In May 1960, American physicist Theodore Maiman built the first laser to successfully produce a pulse of coherent light, using synthetic ruby as the laser medium. The first continuously operating laser was achieved a few months later. A July 1960 issue of Electronics magazine made a mild statement about the new device: "Usable communications channels in the electromagnetic spectrum may be extended by development of an experimental optical-frequency amplifier."
Communications engineers were ecstatic. The information revolution was already upon them, and they knew that the traditional technologies of electric signals and radio waves would not be enough to handle future communications traffic. They had already begun to look for ways to increase bandwidth (information carrying capacity). Telephone companies thought video telephones were imminent and would further escalate bandwidth demands. Laser technology gave them hope. Now all someone had to do was invent a means to channel the powerful optical waves effectively.
Some early work on glass-clad fibers attracted attention, but most technical opinions deemed glass-clad fibers excellent for medical imaging, but much not very practical for communications over long distances. Fortunately a small team at Standard Telecommunications Laboratories in the United Kingdom did not dismiss the potential of glass. One of its engineers, Charles K. Kao, collected samples from fiber makers and carefully researched the properties of bulk glasses. He believed that the high losses of early fibers were due to impurities and not to the silica glass itself. His research and belief that fiber loss could be reduced significantly attracted the interest of the British Post Office, which also operated the British telephone network, and soon a sizeable research fund was tapped to study the problem.
Based on Kao's work, laboratories around the world also began dealing with the problem. A breakthrough at Corning was one of the most important in the development of this technology. In 1970 Robert Maurer demonstrated the first low-loss fiber. By 1974 John MacChesney at Bell Labs introduced an alternative synthesis process leading to low contamination and precise index of refraction profiles.
In 1975, engineers at Laser Diode Labs developed the first commercial continuous-wave semiconductor laser operating at room temperature. Smaller than a grain of sand, this opened the door to the use of lasers to transmit optically encoded telephone conversations over fiber-optic cables. Another major step occurred in 1987 with the introduction of erbium-doped fiber amplifiers, which provide multiple channels of laser light and can handle 80 million telephone calls simultaneously.

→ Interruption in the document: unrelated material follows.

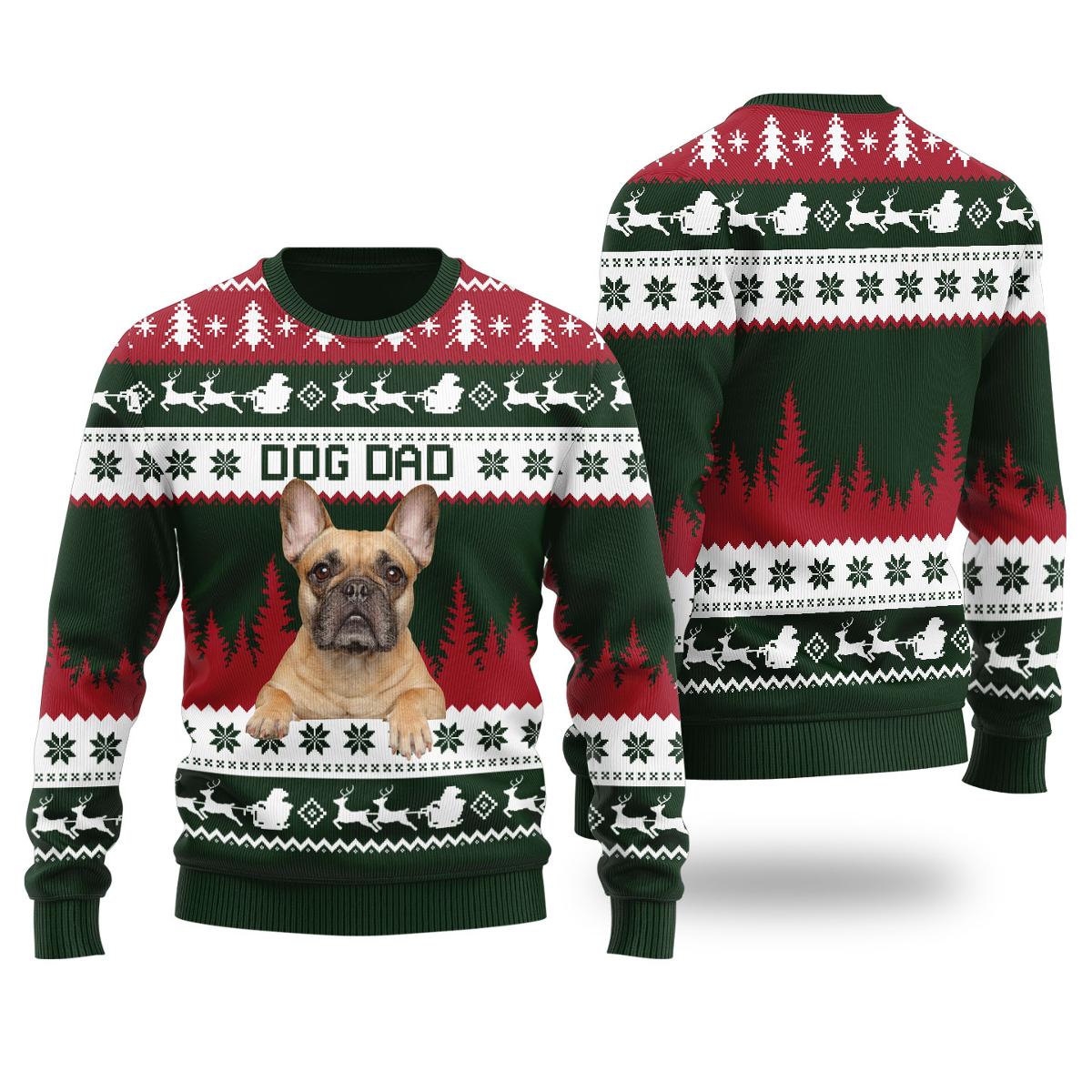 Womens Dog Mom Custom Christmas Sweater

In 1988 the first transoceanic fiber cable, TAT-8, was laid. Economically, this made a tremendous difference, first to industry, and ultimately to consumers. In comparison, the first trans-Atlantic copper cable cost $1 million per circuit to install in 1956; TAT-8 cost less than $10,000 per circuit.
Aside from providing the basis for modern communications system, the laser is a versatile tool used in many industries. It is used in manufacturing to cut precision parts, in medical applications such as eye surgery, in satellites to transmit weather and climate information, in scanners to read bar codes at cash registers, and in devices to play music on compact discs.